**WHAT THIS TASK INVOLVES:** Type the entries out again exactly as they read, but leave every picture behind.

===== PROVIDED MATERIAL

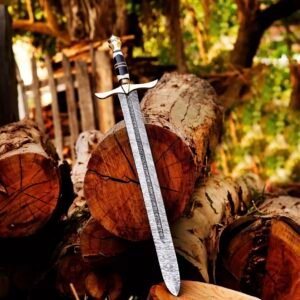 Alternative view of 35-Inch Handmade Damascus Steel Medieval Sword with Decorative Guard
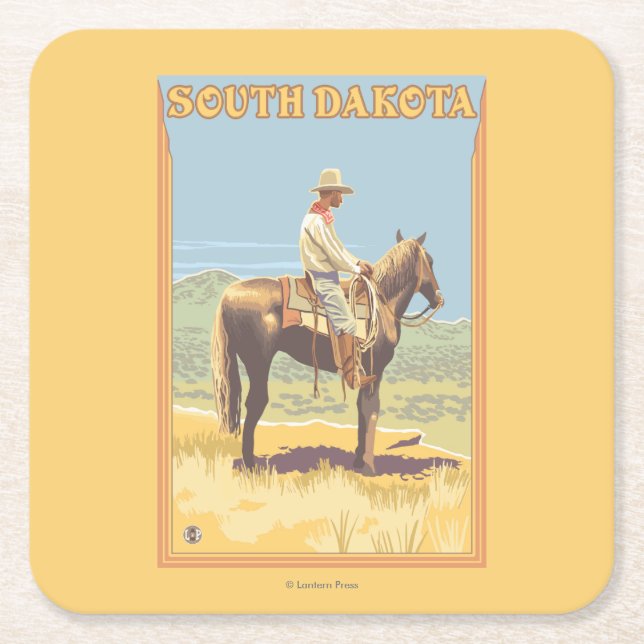 Cowboy (Side View)South Dakota Square Paper Coaster (Front)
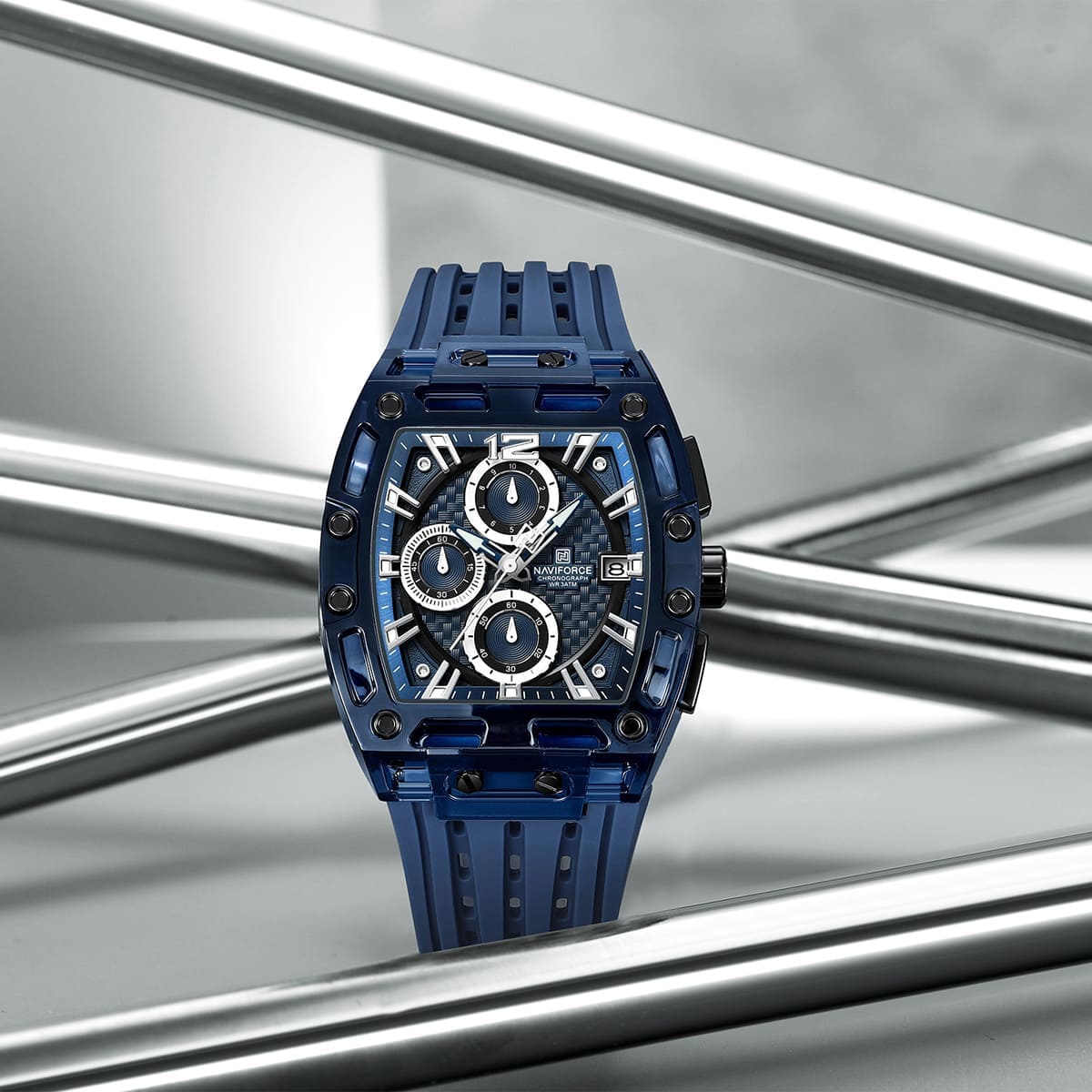 Naviforce NF7105-BE-BE-BE Men's Square Chronograph Watch – Blue Dial & Blue Rubber Strap – view 3
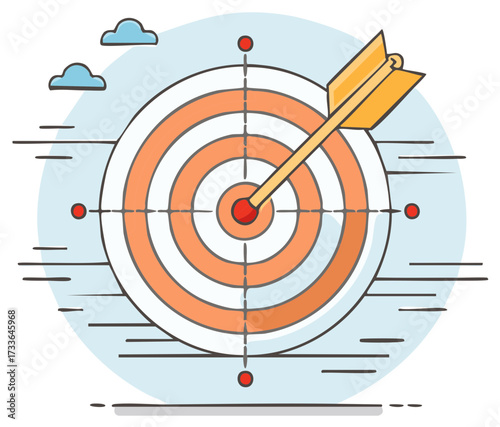 Center shot arrow hits the bullseye for success, targeting precision concept, reaching goals strategy, flat vector design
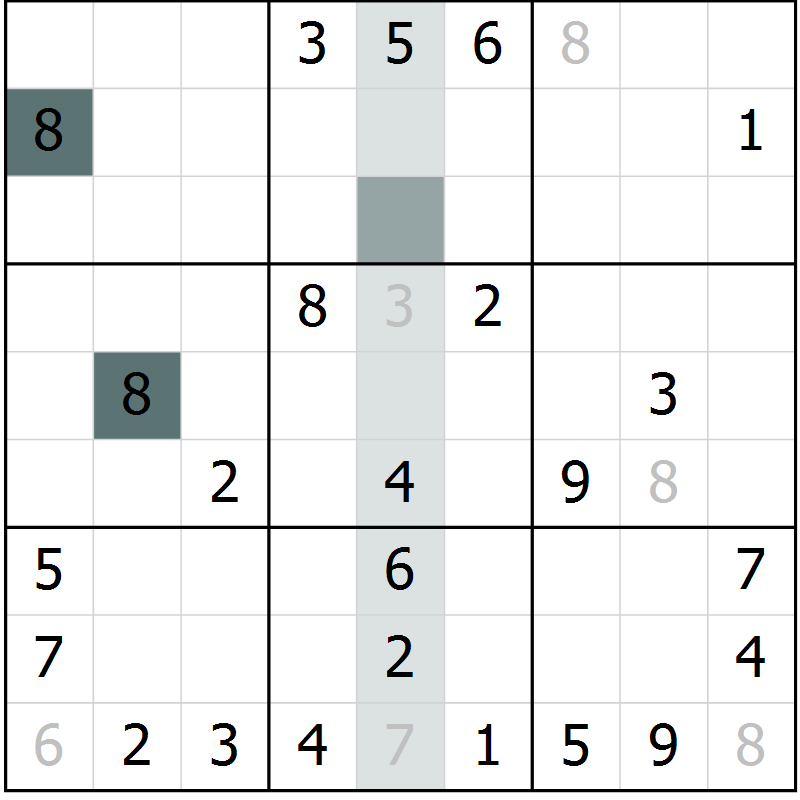 Position des candidats pour la solution de la Gr 4 page 6 du magazine de sudoku SUDOKU SUCCESS n° 022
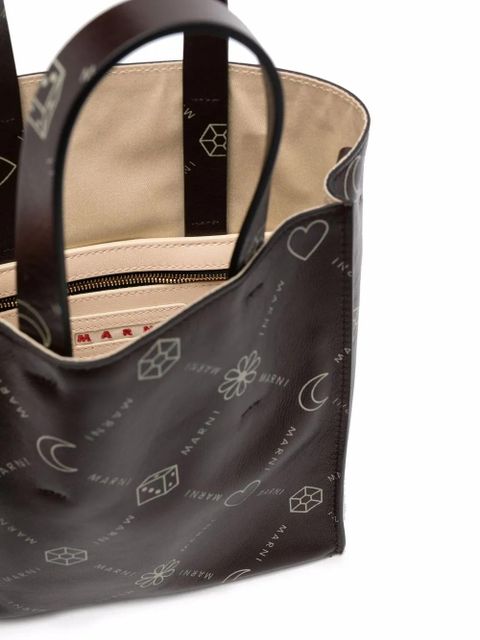 Marni all-over logo-print tote bag - Brown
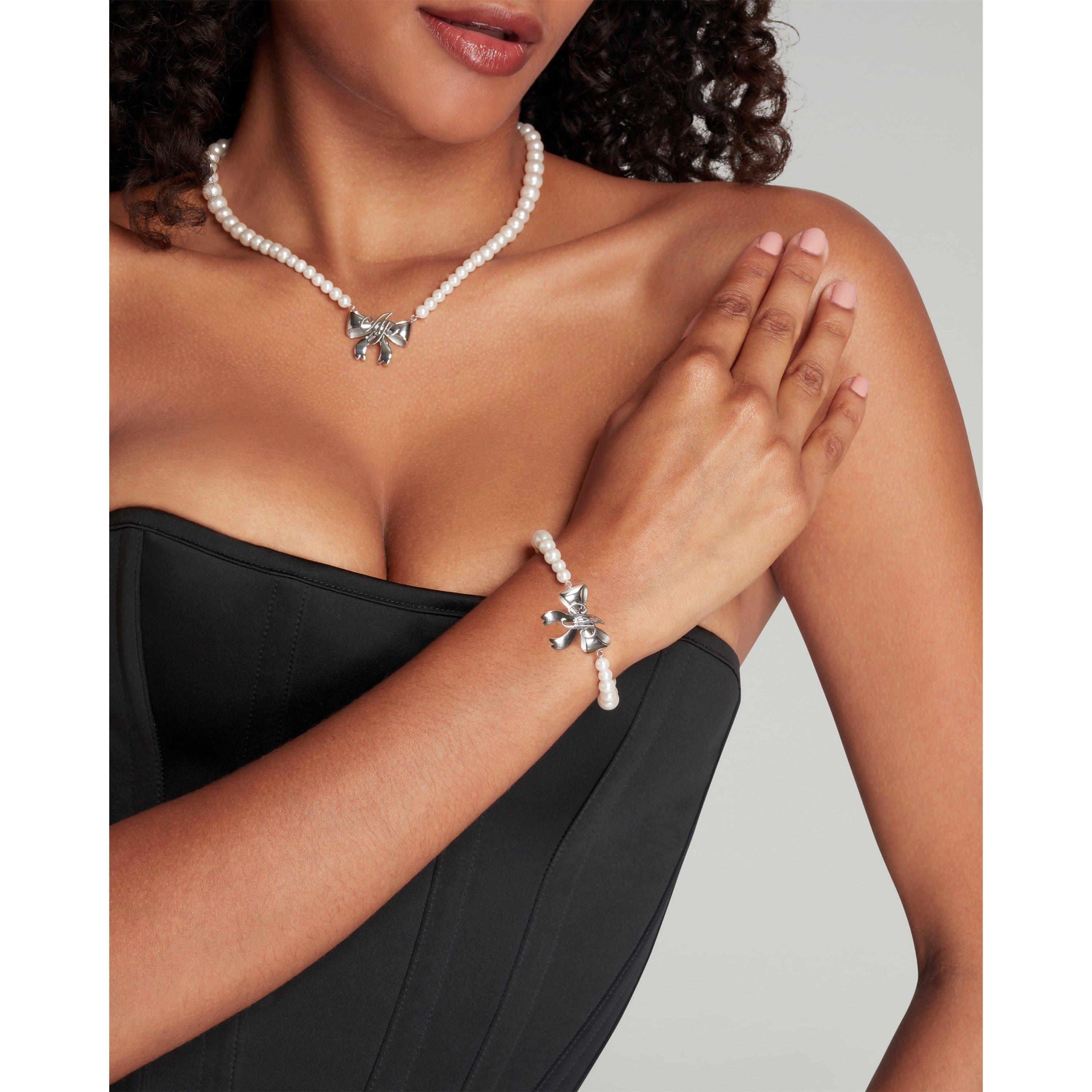 Silver - Agent Provocateur - Beki Pearl Bow Bracelet - 3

==========

**EXERCISE ANSWER:**
 Alternative view of 35-Inch Handmade Damascus Steel Medieval Sword with Decorative Guard
 Cowboy (Side View)South Dakota Square Paper Coaster (Front)
 Naviforce NF7105-BE-BE-BE Men's Square Chronograph Watch – Blue Dial & Blue Rubber Strap – view 3
 Center shot arrow hits the bullseye for success, targeting precision concept, reaching goals strategy, flat vector design
 Position des candidats pour la solution de la Gr 4 page 6 du magazine de sudoku SUDOKU SUCCESS n° 022
 Marni all-over logo-print tote bag - Brown
 Silver - Agent Provocateur - Beki Pearl Bow Bracelet - 3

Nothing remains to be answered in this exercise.